Marvel Comic Books
|Date Added: February 10, 2010 01:30:10 PM|
|Category: Arts: Comics|
I have read comic strips since I was about seven years old. I guess most people grow out of it but I never did. I never I had a reason to. I still enjoy the characters, the stories and the art work, particularly from the golden age of the 1950s and 1960s. Comic book stores are my favorite haunts, especially the ones selling used editions. As a middle aged woman, I do get some funny looks. Fans of the genre tend to split into two camps, the DC Comic book fans and the Marvel Comic books fans. I like both but I think Marvel has the edge.
Since 1939, Marvel have produced some of the greatest comic book heroes around. They've kept to an impressive standard and had the best writers and artists working for them. Broadly speaking, DC Comics had the perfect specimen type superheroes such as Batman and Superman. Marvel Comic books are more interested in characters who are not perfect. They tend to be outsiders and only able to express themselves when they slip on the guise of their alter ego. This is why people identify with them more. They have their problems just like we do. The major strips to come from Marvel Comic books include The Amazing Spider-Man, The Incredible Hulk, The Fantastic Four, Captain America, Daredevil and X-Men.
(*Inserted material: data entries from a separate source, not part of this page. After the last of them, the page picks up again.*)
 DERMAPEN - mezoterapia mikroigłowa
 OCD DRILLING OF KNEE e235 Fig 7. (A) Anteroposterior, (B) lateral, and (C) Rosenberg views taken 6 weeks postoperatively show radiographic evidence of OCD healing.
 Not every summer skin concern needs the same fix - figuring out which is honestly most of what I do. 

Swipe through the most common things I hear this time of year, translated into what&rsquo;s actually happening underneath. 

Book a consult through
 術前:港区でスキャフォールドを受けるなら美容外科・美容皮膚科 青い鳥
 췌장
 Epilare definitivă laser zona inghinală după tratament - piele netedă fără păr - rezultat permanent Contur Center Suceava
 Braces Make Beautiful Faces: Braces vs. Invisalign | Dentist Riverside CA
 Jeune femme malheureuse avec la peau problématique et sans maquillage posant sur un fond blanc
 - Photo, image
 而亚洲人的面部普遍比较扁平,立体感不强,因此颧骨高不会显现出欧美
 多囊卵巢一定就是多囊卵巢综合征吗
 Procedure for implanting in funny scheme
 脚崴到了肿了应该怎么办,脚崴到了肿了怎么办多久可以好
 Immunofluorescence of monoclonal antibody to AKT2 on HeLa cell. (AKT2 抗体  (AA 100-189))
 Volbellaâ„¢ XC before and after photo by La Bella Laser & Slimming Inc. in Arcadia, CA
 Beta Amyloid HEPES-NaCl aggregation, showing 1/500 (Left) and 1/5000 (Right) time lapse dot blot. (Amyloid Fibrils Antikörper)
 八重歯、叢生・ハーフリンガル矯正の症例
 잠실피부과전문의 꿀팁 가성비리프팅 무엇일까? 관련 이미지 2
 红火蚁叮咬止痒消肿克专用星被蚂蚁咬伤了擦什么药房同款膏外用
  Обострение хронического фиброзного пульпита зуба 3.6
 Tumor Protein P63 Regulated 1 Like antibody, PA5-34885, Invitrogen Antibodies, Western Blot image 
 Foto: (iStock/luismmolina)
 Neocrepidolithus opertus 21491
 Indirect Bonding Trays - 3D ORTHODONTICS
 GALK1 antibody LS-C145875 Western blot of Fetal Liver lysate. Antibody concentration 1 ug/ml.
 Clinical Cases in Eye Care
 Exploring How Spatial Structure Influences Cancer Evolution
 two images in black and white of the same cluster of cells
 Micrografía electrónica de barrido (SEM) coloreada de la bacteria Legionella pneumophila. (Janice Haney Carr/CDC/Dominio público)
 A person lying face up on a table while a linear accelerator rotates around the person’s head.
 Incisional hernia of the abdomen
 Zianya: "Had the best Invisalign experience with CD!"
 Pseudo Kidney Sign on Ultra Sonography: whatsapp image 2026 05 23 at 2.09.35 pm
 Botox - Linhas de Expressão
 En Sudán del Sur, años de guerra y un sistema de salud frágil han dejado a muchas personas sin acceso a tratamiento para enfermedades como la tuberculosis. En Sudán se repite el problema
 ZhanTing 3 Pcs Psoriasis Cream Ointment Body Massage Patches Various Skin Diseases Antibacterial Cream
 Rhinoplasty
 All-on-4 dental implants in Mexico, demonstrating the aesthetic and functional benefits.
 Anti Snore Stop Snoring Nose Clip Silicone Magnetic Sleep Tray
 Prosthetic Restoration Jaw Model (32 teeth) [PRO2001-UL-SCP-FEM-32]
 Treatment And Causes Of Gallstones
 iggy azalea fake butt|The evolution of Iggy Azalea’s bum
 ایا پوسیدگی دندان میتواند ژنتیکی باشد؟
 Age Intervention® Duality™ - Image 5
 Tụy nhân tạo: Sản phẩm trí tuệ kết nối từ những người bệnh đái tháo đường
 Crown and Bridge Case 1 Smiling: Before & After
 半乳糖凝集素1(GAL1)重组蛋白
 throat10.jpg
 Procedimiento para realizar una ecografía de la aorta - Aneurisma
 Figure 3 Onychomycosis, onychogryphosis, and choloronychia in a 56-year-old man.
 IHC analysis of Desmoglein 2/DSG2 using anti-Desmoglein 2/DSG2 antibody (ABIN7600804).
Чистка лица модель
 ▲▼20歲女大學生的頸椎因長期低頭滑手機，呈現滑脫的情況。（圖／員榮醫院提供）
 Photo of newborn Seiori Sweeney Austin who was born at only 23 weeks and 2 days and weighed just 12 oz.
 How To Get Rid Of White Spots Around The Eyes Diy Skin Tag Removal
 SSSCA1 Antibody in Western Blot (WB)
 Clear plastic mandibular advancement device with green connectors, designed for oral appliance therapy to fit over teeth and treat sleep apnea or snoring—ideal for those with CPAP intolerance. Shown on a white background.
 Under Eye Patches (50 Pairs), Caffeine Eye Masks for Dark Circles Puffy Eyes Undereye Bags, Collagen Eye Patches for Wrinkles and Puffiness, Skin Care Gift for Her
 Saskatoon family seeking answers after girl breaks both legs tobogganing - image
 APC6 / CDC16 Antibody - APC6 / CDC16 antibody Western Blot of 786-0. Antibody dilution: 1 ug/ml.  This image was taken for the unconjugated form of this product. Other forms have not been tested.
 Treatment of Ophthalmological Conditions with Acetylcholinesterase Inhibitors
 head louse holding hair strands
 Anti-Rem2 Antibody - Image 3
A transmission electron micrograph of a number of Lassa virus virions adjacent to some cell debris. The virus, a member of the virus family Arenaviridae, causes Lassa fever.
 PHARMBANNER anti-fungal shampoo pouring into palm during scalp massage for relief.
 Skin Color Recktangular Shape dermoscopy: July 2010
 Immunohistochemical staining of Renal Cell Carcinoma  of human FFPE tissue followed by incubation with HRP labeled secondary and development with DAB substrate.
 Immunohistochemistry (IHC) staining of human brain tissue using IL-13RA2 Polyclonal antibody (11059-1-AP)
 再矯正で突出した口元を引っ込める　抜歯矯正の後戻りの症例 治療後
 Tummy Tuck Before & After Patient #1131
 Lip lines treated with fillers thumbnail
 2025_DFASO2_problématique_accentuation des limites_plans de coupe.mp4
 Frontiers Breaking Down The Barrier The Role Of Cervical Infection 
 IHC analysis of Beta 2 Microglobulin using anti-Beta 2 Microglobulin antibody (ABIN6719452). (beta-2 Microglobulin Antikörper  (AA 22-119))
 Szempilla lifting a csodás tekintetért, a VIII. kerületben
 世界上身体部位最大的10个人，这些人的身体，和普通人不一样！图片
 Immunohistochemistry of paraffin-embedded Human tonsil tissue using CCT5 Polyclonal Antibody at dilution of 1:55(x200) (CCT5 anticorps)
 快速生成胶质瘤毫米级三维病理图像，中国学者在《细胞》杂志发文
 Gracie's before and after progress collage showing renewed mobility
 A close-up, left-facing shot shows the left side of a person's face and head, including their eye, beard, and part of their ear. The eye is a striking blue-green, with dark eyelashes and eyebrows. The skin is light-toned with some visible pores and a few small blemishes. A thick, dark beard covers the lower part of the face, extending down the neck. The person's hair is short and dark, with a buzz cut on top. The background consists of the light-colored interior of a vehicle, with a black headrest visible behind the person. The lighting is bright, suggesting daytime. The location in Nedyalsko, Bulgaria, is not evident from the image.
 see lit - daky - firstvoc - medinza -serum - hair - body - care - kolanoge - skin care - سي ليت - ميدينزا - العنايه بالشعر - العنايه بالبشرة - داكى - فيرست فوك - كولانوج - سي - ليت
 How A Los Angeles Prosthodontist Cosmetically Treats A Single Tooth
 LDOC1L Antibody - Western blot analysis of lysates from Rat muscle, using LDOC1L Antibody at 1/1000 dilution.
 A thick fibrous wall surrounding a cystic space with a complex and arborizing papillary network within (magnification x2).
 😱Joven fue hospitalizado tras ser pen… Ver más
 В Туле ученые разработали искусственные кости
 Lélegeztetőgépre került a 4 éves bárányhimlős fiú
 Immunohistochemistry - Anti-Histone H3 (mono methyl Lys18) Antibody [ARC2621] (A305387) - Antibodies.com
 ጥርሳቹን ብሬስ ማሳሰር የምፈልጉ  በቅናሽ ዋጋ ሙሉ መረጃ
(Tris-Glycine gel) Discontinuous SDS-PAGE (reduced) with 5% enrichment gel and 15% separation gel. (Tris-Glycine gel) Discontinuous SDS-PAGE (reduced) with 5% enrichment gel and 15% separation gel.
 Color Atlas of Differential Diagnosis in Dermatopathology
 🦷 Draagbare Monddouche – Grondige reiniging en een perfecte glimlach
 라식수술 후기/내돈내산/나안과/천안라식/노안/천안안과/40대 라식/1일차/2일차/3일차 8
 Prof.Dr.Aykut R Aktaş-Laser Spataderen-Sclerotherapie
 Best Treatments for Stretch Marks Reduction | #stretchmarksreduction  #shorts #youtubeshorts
My favorite hero is Spider-Man. He is an adolescent struggling with the usual teenage angst of fitting in at school and getting a girlfriend. He's not at all confident and he talks back to his guardian Uncle. It's a typical Marvel Comic books situation, as we watch him go thru the emotional wringer. The Incredible Hulk is on the outside of society. David Banner has to keep moving from town to town never knowing when he's next going to turn into the Hulk or if his real identity will be discovered. Just when he feels like settling somewhere, he has to run again. Both Spider-Man and the Hulk have had their worlds turned upside down by accidents. Both Marvel Comic books stories are about losing control over your own destiny. Both men have a crushing sense of duty and have to make sacrifices.
I like the way Marvel are not afraid to tackle serious subjects, reflecting the state of society at the time. In 1971, Marvel Comic books ran a three episode Spider-Man story with an abuse of drugs theme. It portrayed the taking of drugs as an extremely negative experience. I bet it did more good than a hundred Government warnings. I hope all comic strips continue to explore social issues. There's no better medium in which to do it, it's mostly the growing generation that are reading them. Marvel Comic books were always at the forefront of this and still managed to entertain.